Effects of China’s Failure to Reform
The surge in trading on China’s commodity exchanges is the latest example of speculative frenzy in an economy awash with credit. From the rise of shadow banking to real estate bubbles and August’ stock market crash, regulators have struggled to contain the excesses resulting from Beijing’s habit of supporting growth through debt-fuelled stimulus. The rush into metals markets follows record credit expansion of more than Rmb6tn in the first quarter, engineered by officials to prevent a sharp slowdown in the world’s secondlargest economy.
Such episodes are a growing concern for international investors. As China’s role in the global financial system grows, so too does its ability to trigger turbulence in global markets. However, it is easy to criticise Beijing for resorting once again to credit creation to pump up growth. It is less easy to come up with an attractive alternative for policymakers.
The risks of China’s vast debt pile are apparent. A total debt load equivalent to some 240 per cent of gross domestic product - far higher than most emerging markets - is clearly unsustainable in the long term, especially since a significant proportion is held by loss making state-owned enterprises in sectors suffering from chronic overcapacity. Even more worrying is the speed at which debt has accumulated - with credit creation accelerating even as economic growth has slowed.
Yet investors clearly find these risks less frightening than an imminent prospect of the economy crashing and the currency plunging - the fears that sent global markets into a tailspin at the start of the year. Beijing’s actions since January 2016 have cast doubt on its commitment to difficult economic reforms, but they have also helped to stabilise the exchange rate and led to a welcome pick-up in industrial profits.
Moreover, the risk of a full-blown financial crisis seems limited. China’s overall debt level is less alarming in the context of the country’s largely closed capital account, its high savings rate - which means that households finance lending to corporate entities- and the economy’s
growth potential. There is also considerable scope for the government to shift corporate debts (which in practice often relate to state-owned companies or local government) on to its own balance sheet, which remains robust, backed by still-vast official reserves.
However, this will merely defer the problem, albeit for some years, unless China comes up with a comprehensive plan to tackle the corporate sector’s bad debts. As the International Monetary Fund has warned, the government’s current proposals for financial restructuring of non-performing loans (through debtfor-equity swaps and securitisation) will be insufficient, and possibly counterproductive, unless it also tackles the underlying need for industrial restructuring, including in politically sensitive sectors.

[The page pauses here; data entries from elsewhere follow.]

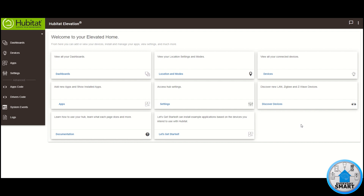Hello people and welcome to another episode of Everyday Smart. Today we're going to be showing how you can control your Hubitat devices by using your voice, so anytime you say turn on this light, the light will turn on and so on.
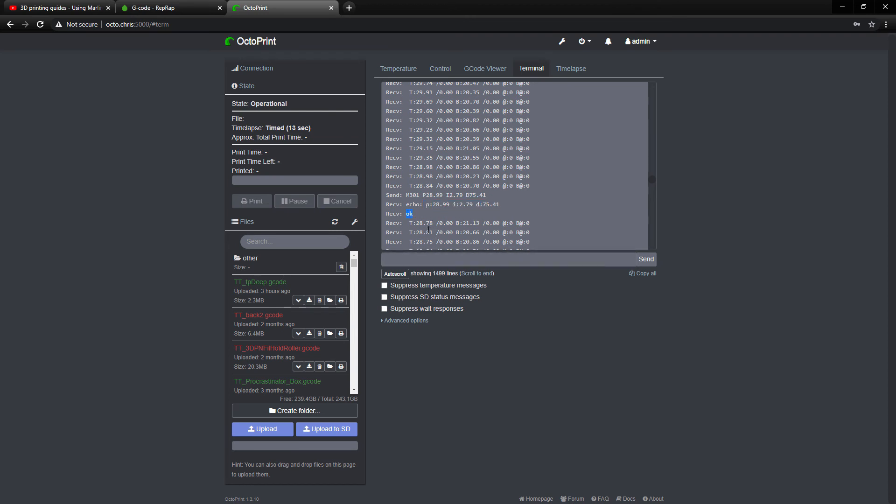And then I apparently have to do this every time I start up the server, unless I run the command M500 to save it to memory. And then after that, it should work with a better-tuned thermistor.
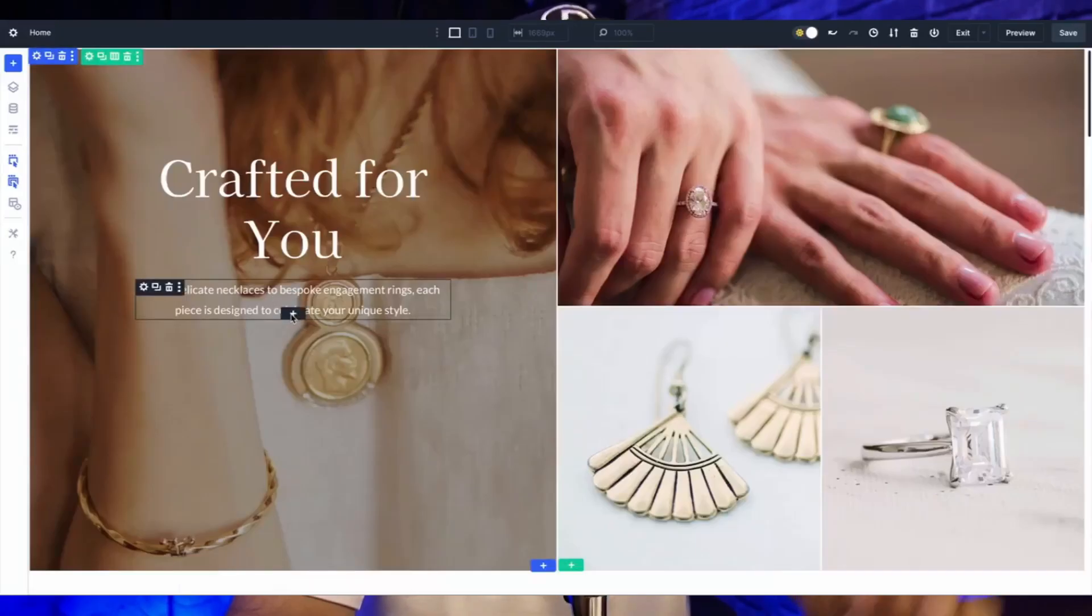In this video, we are unpacking Divi 5's nested rows, a powerful new feature that's waving goodbye to specialty sections for good.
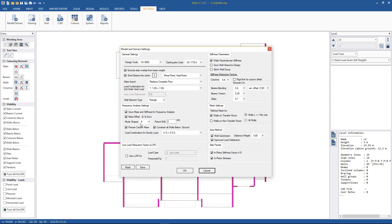Other settings include the number of mode shapes. At this stage we don't know how many mode shapes we'll need to get a mass participation above approximately 80% for the spectral analysis. Period shift will be examined when we encounter parasitic mode shapes. Precise column mass means the part of the column sitting inside the slab above is not calculated, and any walls below the defined ground level will be restrained. We also have to specify a combination for gravity load — in this case the service G plus 0.3Q case.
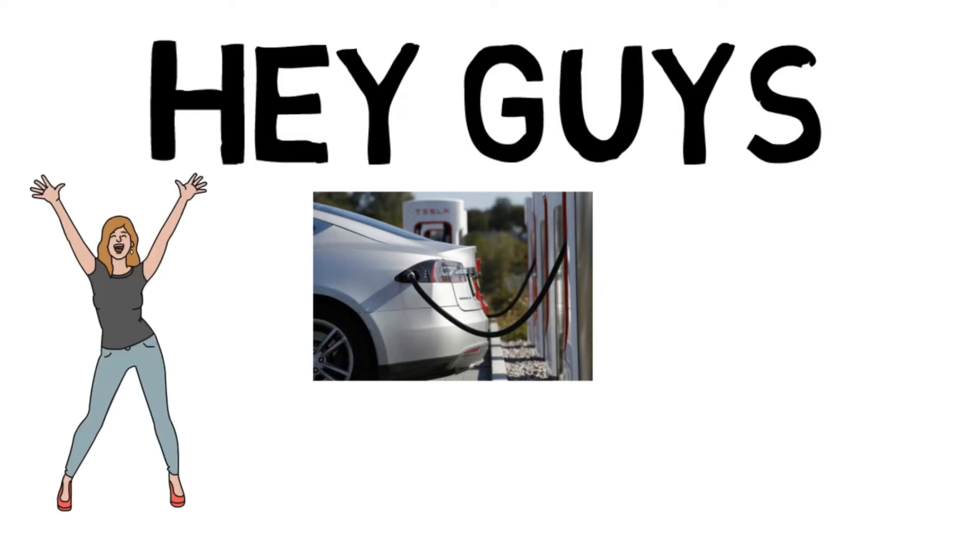Hey guys, welcome once again. As you can see, electric vehicles are a very trending topic nowadays. This is for the electric vehicle enthusiasts out there who really want to know what actually an electric vehicle is and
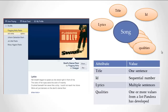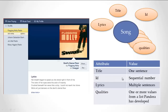Here's my information model of a song, mostly derived from what I see on the screen: title, lyrics, and ID — title and lyrics for sure — and some qualities I happen to know about Pandora, added to exemplify things we've covered in class. I have the user interface, the information model, and the attributes. Title is one sentence — that's about all I can say about it. The ID I'm going to assume is a sequential number; I don't know how they do IDs, but let's assume sequential numbers.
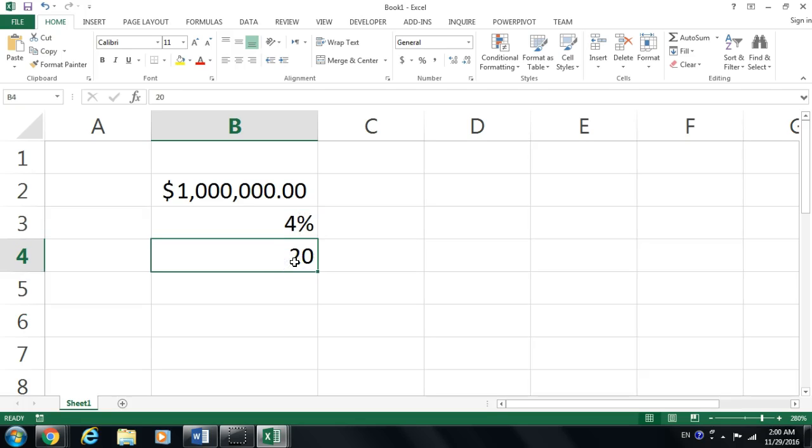How much money would I have 20 years from now if I put a million dollars at the rate of 4%? Or if I borrowed a million dollars from the bank, that's the other side of the story. At 4% fixed rate, how much would I pay 20 years from now?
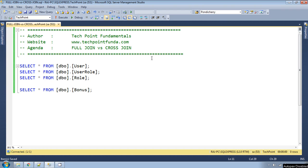Hello, welcome to TechPoint Fundamentals YouTube channel. Today we will learn the most common interview question of SQL join: what is the difference between full join and cross join? Before continuing this video, I recommend you to please watch my previous video in which I have explained full join and cross join in detail. Here we will quickly see what is the main difference between these two.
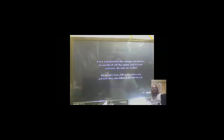A vast army formed to slay a dragon, the ultimate incarnation of evil, but against such fearsome resistance the army was crushed. Blaze your path using a lantern to hold darkness at bay. I got lots of random items.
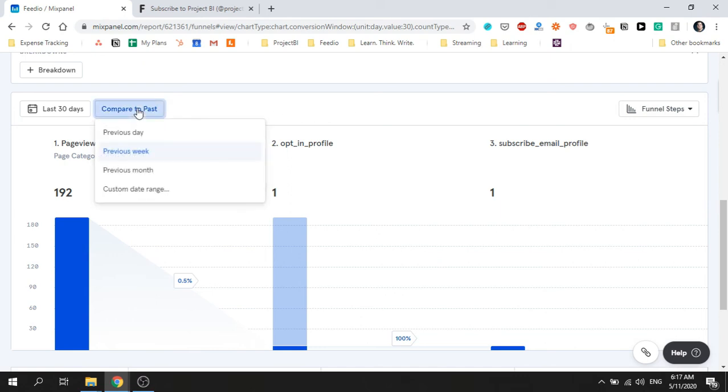I've included some useful resources in the curriculum to help you master funnel analytics. Make sure to check out the article titled The Feature Adoption Funnel How to Track and Measure Feature Adoption. See you in the next lecture.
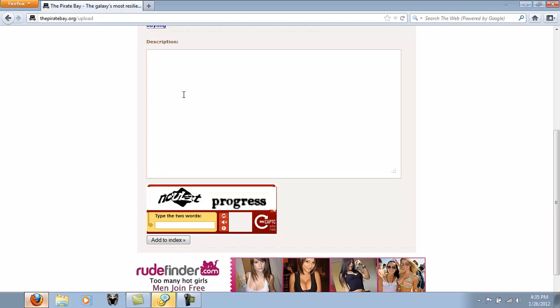And for a description, you type in what it's about, what your file is, and all that. And you put your captcha in, and add it to index.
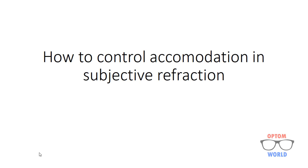Hello everyone. In this video, I will explain how to control accommodation while doing subjective refraction.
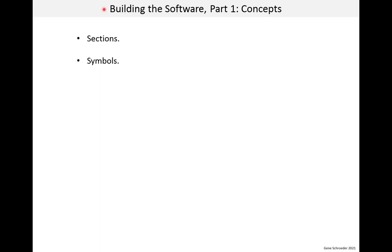In this lesson we look at the building of software. Now we already did a build using the IDE. That was the easy part, just a click in the GUI. Now we're going to dig into what actually happened. Building software is a big topic, so I've split it into two lessons. In this first part we discuss some key concepts of sections and then symbols.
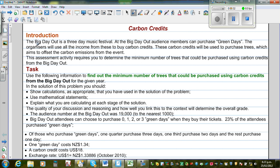This is the introduction. The Big Day Out is a 3-day music festival. At the Big Day Out, audience members can purchase Greenpeace. The organizers will use all the income from these to buy carbon credits. These carbon credits will be used to purchase trees, which aims to offset the carbon emission from the event. So there's a Big Day Out — a fair-like music festival where hundreds of people gather, generating carbon emissions. The organizers want to offset that emission.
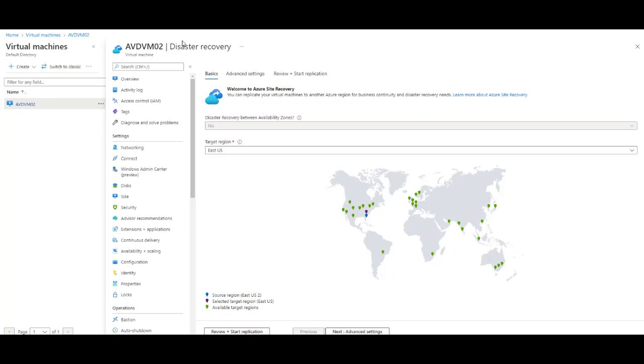Hi everyone, and welcome. Today, I'm going to show you how to replicate an existing Azure virtual machine from one region to another.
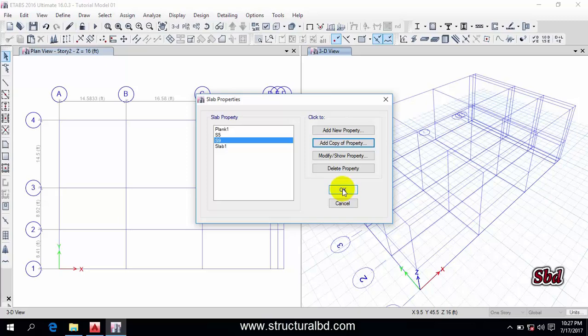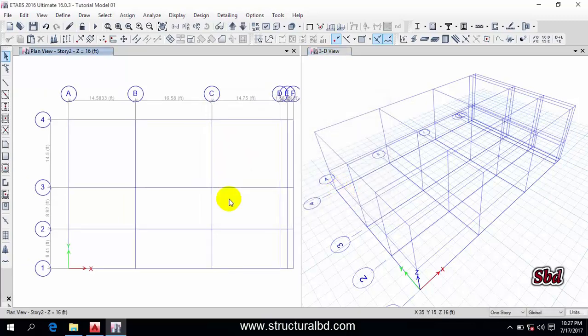This way you can define various member sizes in ETABS 2016. Thanks for watching — if you like this video please subscribe to my channel to get updates. See you in the next video.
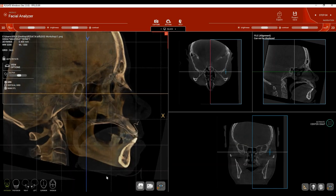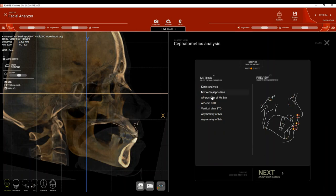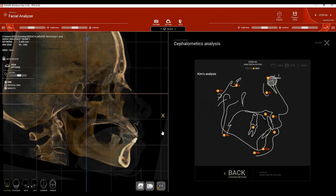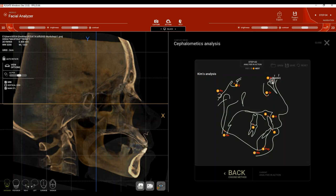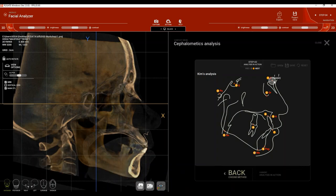In the R2Gate Digital Oral Design software there are multiple analyses available. Today we'll use Kim's Analysis, which provides information about skeletal relationship, vertical dimension, and occlusal plane angle. After choosing Kim's Analysis, click Next. The software will provide hints indicating which cephalometric points to choose. Remember that some points are placed on the 2D view and others on the 3D view.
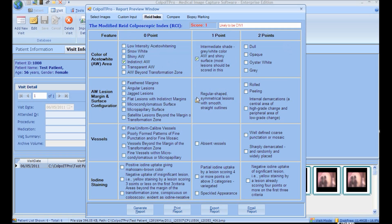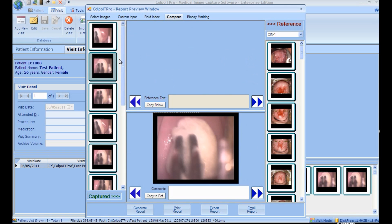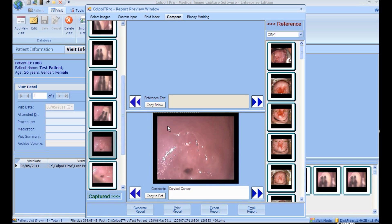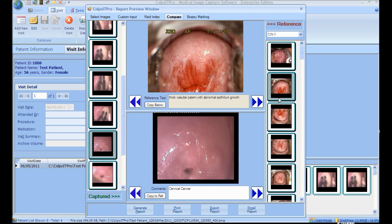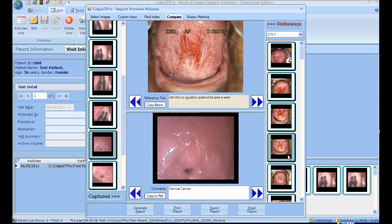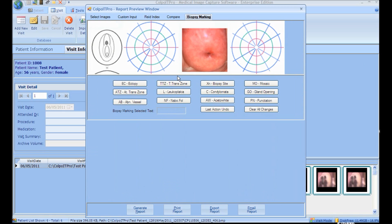Read Index: it helps in selecting possibilities to determine the severity of the disease and generates a corresponding score. Compare: Colpo IT Pro has an inbuilt standard image comparison feature that helps compare the captured image with standard images. Biopsy Marking: it helps in marking text on the biopsy chart. Select the text, place the cursor on the desired location, and click — the text appears on the biopsy chart.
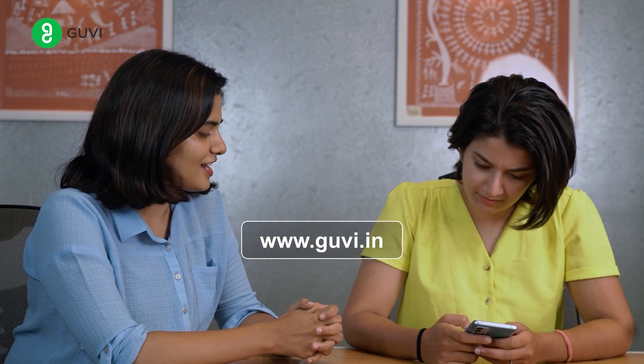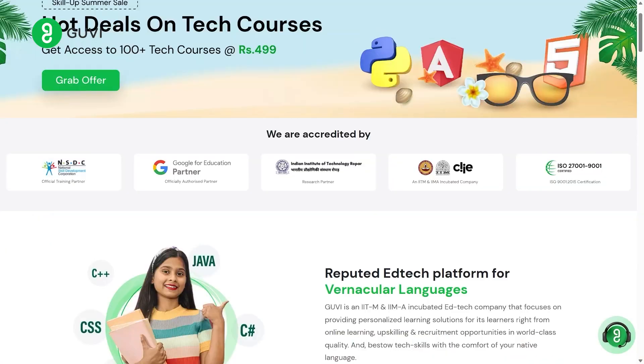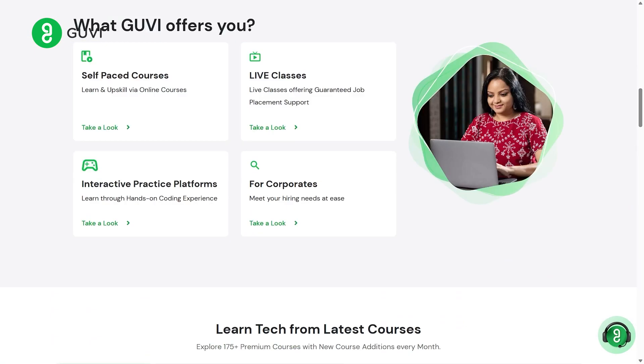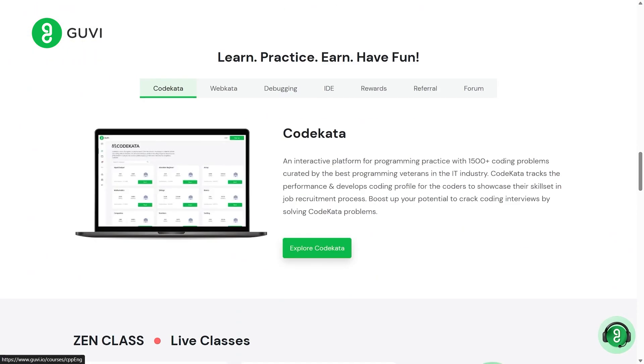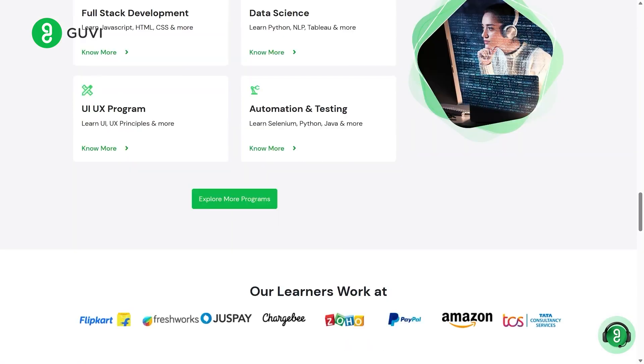GUVI.com? Yeah. It's very nice, but what is the difference? Is this Zen class, is it GUVI courses? How do you differentiate it?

Rebalancing China’s economy is a Herculean task and it is almost inevitable that stimulus policies will continue for the foreseeable future as authorities try to manage the process. What is important is to ensure that this is more profitably employed. The authorities reflex has too often been to prop up zombie companies in sectors dogged by overcapacity, with effects on industrial rivals across the world. Yet investment is still needed in health, education, urban housing and transport and an enormous environmental clean up. In the most benign scenario, it will still take the best part of a decade to reduce China’s debt burden to a more sustainable level. In the meantime, the rest of the world can expect to feel the effects of China’s failure to reform and rebalance its economy earlier.